John W. Davidson died November 7, 1931, and J. G. Thompson was appointed administrator of his estate January 29, 1932. On the same day Thompson’s bond with the Fidelity & Deposit Company of Maryland, surety, was executed and approved. Thompson, principal in the bond, died July 31, 1935. Later, his daughter, Ethel K. Thompson, was appointed administratrix of his estate, and as such she was futilely directed by the county court to pay to John Starr, now administrator of the estate of the deceased Davidson, $4,943.61, the amount due the Davidson estate from the Thompson estate with interest. To recover that sum from the surety on the fidelity bond of J. G. Thompson, administrator of the Davidson estate, John Starr, present administrator of the Davidson estate under appointment December 5, 1935, brought the present action in the district court for Harlan county.

In the answer of the surety to the petition on the bond, it is alleged that J. G. Thompson, from May 11, 1922, until the death of Davidson, an incompetent person, was his duly appointed, bonded and acting guardian; that as such he collected, misapplied, embezzled or lost all the assets of the ward’s estate except $75 which he properly expended; that no final report of the guardian or settlement of his accounts as such was ever made; that J. G. Thompson was insolvent from the time he was appointed administrator until his death; that his report to the county court showing assets in his hands as administrator was false and was made to defraud his surety.

In a reply to the answer, plaintiff pleaded that defendant was concluded by the adjudication in the county court to the effect that Thompson as administrator was chargeable with the assets enumerated in his report and account.

The parties to the action on the bond waived a jury.

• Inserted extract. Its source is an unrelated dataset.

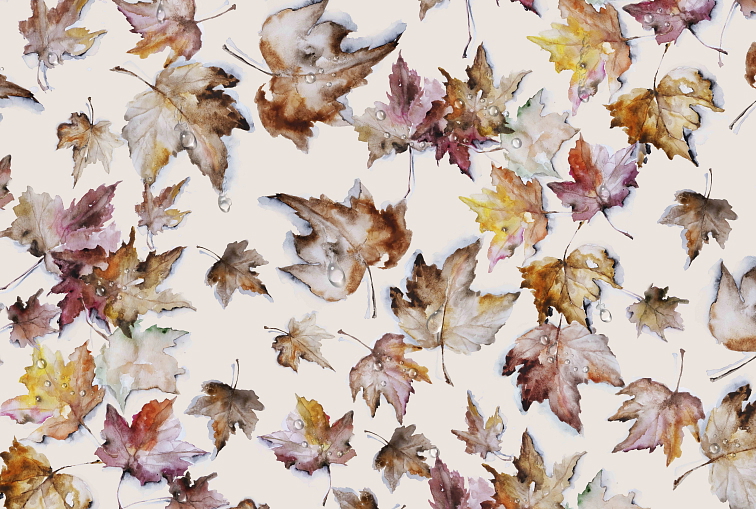 Deka Podzimní vánek od Darré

Upon a trial of the cause, the district court found that the estate of J. G. Thompson, deceased, owed John Starr, present administrator of the Davidson estate, $4,943.61 with interest from February 18, 1936, or $5,240.10, and that defendant as surety on the bond was liable for the penalty named therein or for $5,000. From a judgment in favor of plaintiff therefor defendant appealed.

Is the surety on the bond concluded by the finding and judgment of the county court that, the Thompson estate owes the Davidson estate $4,943.61 with interest? This is the controlling issue in the case.

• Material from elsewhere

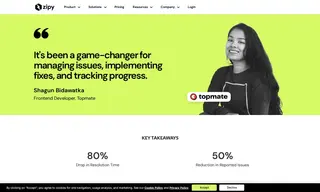 Preview of the TopMate Case Study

The county court is by the Constitution and statutes of the state given exclusive original jurisdiction of all matters relating to the settlement of estates of deceased persons. When a county court acquires jurisdiction of the subject-matter and of the parties in a proceeding to settle an estate of decedent, its final judgment therein as to the amount due the estate from the administrator is not reviewable except on direct appeal and is not open to collateral attack except for fraud. Fitzgerald v. Fitzgerald & Mallory Construction Co., 48 Neb. 386, 67 N. W. 158; Boales v. Ferguson, 55 Neb. 565, 76 N. W. 18; Smith v. Estate of Bayer, 95 Neb. 488, 145 N. W. 1030; State v. O'Connor, 102 Neb. 187, 166 N. W. 556; Pinn v. Pinn, 108 Neb. 822, 189 N. W. 371; In re Estate of Ramp, 113 Neb. 3, 201 N. W. 676.

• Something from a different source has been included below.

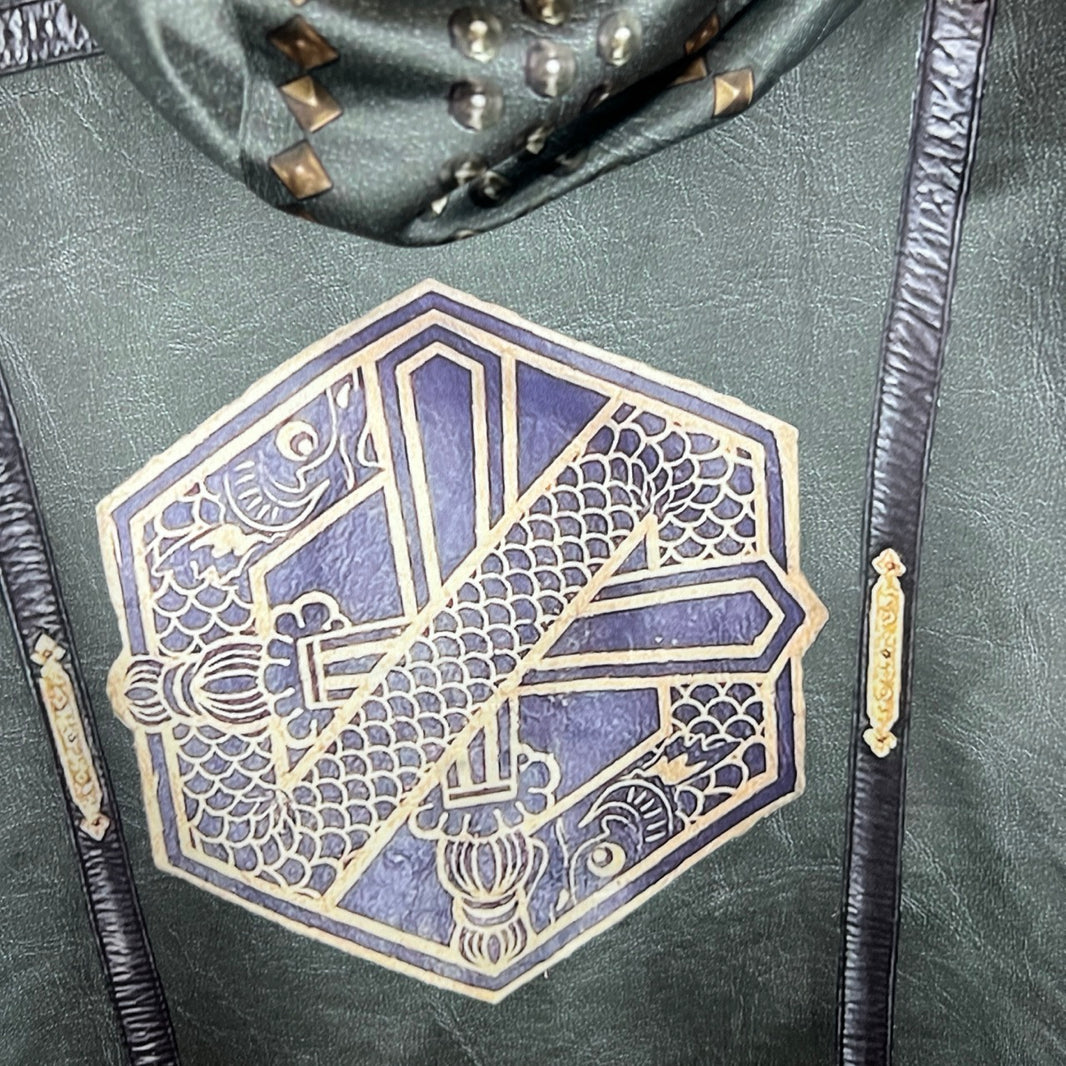 Blackmeans Trompe Parka Jacket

The testimony of the county judge and the record of the county court “In the Matter of the Estate of John W. Davidson, deceased” prove that a citation from that court was directed January 6, 1936, to the surety, Fidelity & Deposit Company, defendant, herein, to Ethel K. Thompson, administratrix of the Thompson estate, and to Eva M. Thompson, Mayma Thompson, and Ethel K. Thompson, the heirs at law of the deceased Thompson, notifying them to file in the county court on or before January 20, 1936, an account of the receipts and disbursements of J. G. Thompson as administrator of the Davidson estate from the date of his report December 15, 1932, to the date of his death, July 31, 1935, together with a true and complete inventory of all the assets of the Davidson estate and a complete record of the affairs thereof. The administratrix and the heirs at law were further notified by the citation that, upon a hearing, an order would be made directing payment of the money due from the Thompson estate to the Davidson estate and that delivery of other assets from the former to the latter would be required. This citation was served by the sheriff on the surety, the administratrix and the heirs at law named. The date set for the hearing in the county court was January 20, 1936. The hearing was continued from January 20, 1936, to February 10, 1936, and from the latter date to February 18, 1936. The county court then had before it as court records at the hearing the inventory of J. G. Thompson, as administrator of the Davidson estate, and the appraisement of two duly appointed and acting appraisers, all under oath, showing that, on May 12, 1932, Thompson as such administrator had enumerated assets of the Davidson estate aggregating $5,259.85. There was also before the county court at the same hearing the administrator’s report of J. G. Thompson on December 15, 1932, under oath, showing his receipts as $5,259.85 and. his expenditures as $99.32. While the schedule, appraisement and report were never formally approved as such, no one objected to- them at the time and they were apparently taken as evidence of the facts stated therein. On all the evidence adduced at the hearing, the findings and judgment of the county court in response to the citation are as here copied:

“On this 18th day of February, 1936, the above entitled matter came on for an accounting and settlement of the accounts of J. G. Thompson, deceased, with the estate of John W. Davidson, deceased, as former administrator thereof, and John Starr, administrator de bonis non of said estate appearing in person, and Ethel K. Thompson, administratrix of the estate of J. G. Thompson, deceased, appearing by Ralph P. Wilson, her attorney, and from the evidence introduced the court finds:

“That said J. G. Thompson, at the time of his death, was the duly appointed, qualified and acting administrator of the estate of said John W. Davidson, deceased; that said J. G. Thompson is chargeable with $5,027.49 of funds of said estate and is entitled to credit for a total sum of $868.88, leaving a balance due said estate from said J. G. Thompson of $4,158.61, with interest thereon at 7% per annum from January 29, 1933, to August 10, 1933, and at 6% per annum thereafter.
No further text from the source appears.